**GIVEN DATA:**
=-=-=-=-=

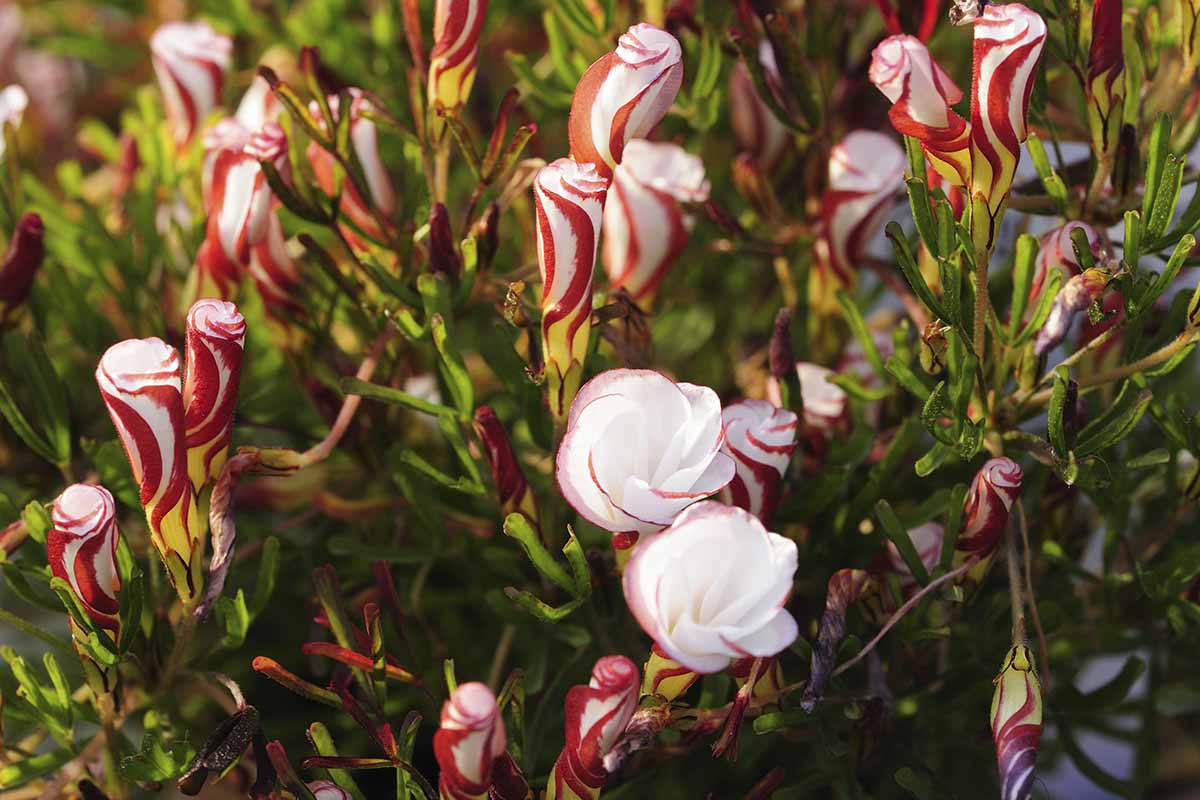 A close up horizontal image of candy cane oxalis growing in the garden pictured in light sunshine.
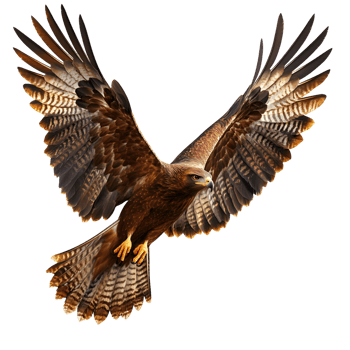 Bold Eagle With Wings Spread Transparent Background png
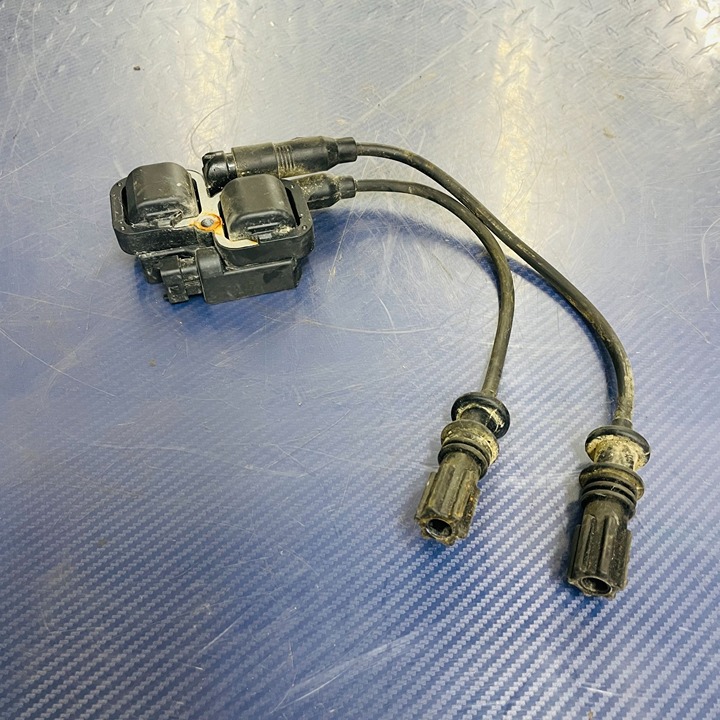 Polaris OEM 2011-2019 Ignition Coil Pack 800 850 1000 4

=-=-=-=-=

**WHAT YOU ARE ASKED TO DO:** All of the lines above must be repeated without alteration, though the pictures are to be excluded.

**EXERCISE SOLUTION:**
 A close up horizontal image of candy cane oxalis growing in the garden pictured in light sunshine.
 Bold Eagle With Wings Spread Transparent Background png
 Polaris OEM 2011-2019 Ignition Coil Pack 800 850 1000 4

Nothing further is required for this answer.